### [YOUR INSTRUCTIONS]
Take the line containing "Lunar Brushed Brass" and all lines after it, through the end of the material, and repeat them exactly, pictures left out.

MATERIAL PROVIDED START

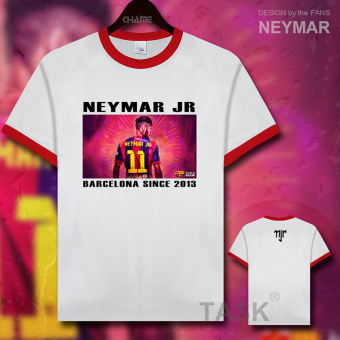 Harga Ma Er neymar11 katun pakaian sepak bola lengan pendek penuh kasih
kemeja t shirt (Hit warna kerah merah tepi hitam kata) Online Murah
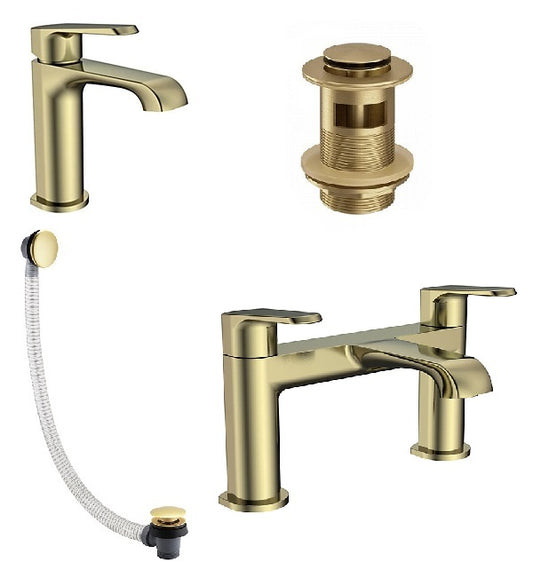 Lunar Brushed Brass Bath & Basin Tap Set with Wastes, Bath Filler & Mono Mixer Tap - Lifetime Guarantee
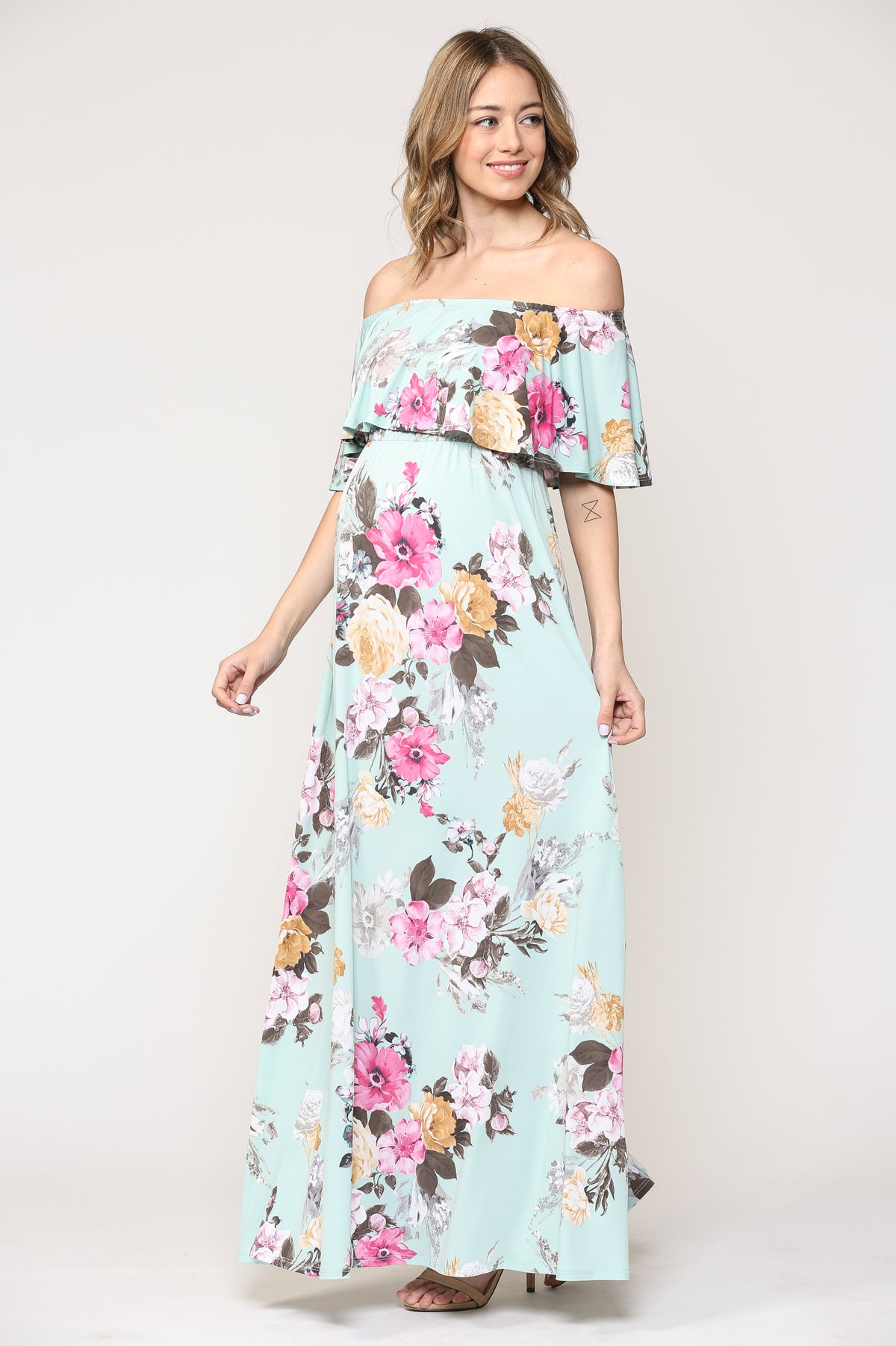 Mint Floral Ruffle Off Shoulder Maternity Maxi Dress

MATERIAL PROVIDED END

### [SOLVED EXERCISE]
 Lunar Brushed Brass Bath & Basin Tap Set with Wastes, Bath Filler & Mono Mixer Tap - Lifetime Guarantee
 Mint Floral Ruffle Off Shoulder Maternity Maxi Dress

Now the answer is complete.